Nouri's first stop will be the United Nations. No surprise, the UN is suddenly interested in Iraq again. The same UN that's shutting down offices and websites. (Didn't you notice? Try to visit UNHCR's Iraq page. It's gone.) Tim Cocks (Reuters) reports that an unnamed UN diplomat is swearing that the KRG needs to stop their demands on Kirkuk and just wait because, "We (all) believe that would lead to war and the U.N. has . . . told the Kurds that." And the response of the Kurds should be: Who the hell cares? The referendum on oil-rich Kirkuk was supposed to have taken place no later than December 2007. It's 2009 and they're still being told to wait? The UN claimed in the summer of 2008 they'd work on a solution. It's a year later and the solution is: Wait?

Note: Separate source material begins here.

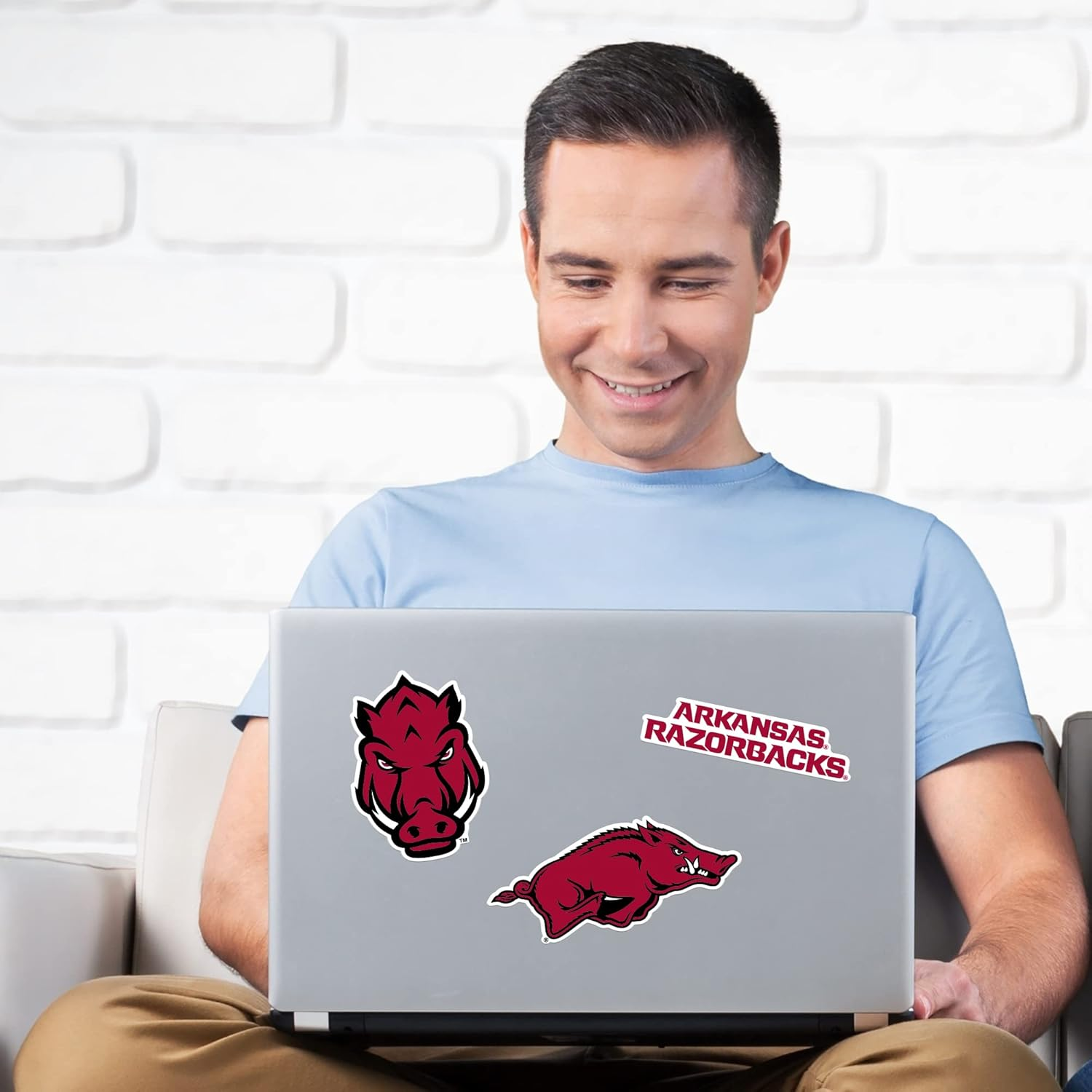 Rico Industries NFL Washington Commanders Triple Play Decal Set 5" X 7" (3 Decals) image number 4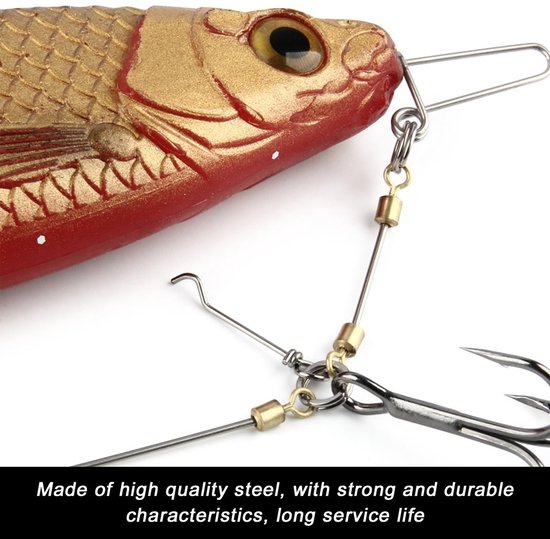 Solidchoice - Set van 3 Stinger Haken voor Snoekvissen met Voorzakensysteem van Solidchoice — afbeelding 4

No. If you were a Kurd you wouldn't support waiting one more moment. They've waited. They've listened. It's really past time for something to be done about the situation. Iraq's Constitution has not been followed and if the United Nations wants to help, they might try actually helping instead of being the joke to every NGO and charity in Iraq right now. They made themselves that joke. They did it when they let a man WHORE out the good name of the UN to appease al-Maliki. Yeah, back when they said that host countries shouldn't consider Iraqi citizens refugees from a dangerous country. Under huge protests internally, the UN issued a statement saying that, of course, the situation in Iraq was still too dangerous for a return. But they'd already made a joke of themselves and they'd yet again proven that they will LIE for Nouri. They did last fall when they allowed their spokeswoman to lash out at Iraqi women in a press conference, to blame Iraqi women for the cholera outbreak. That's wasn't public health, it wasn't anything but take the heat off Nouri. The United Nations has played the fool for Nouri one time too damn many and their reputation is in tatters in Iraq. It's their own fault and it will require real work to build it back up. Until they do, the Kurds should tell them to butt the hell out of an issue in a supposedly soveriegn country. What's the United Nations doing butting in yet again anyway? The Kurds didn't invite them into the conversation.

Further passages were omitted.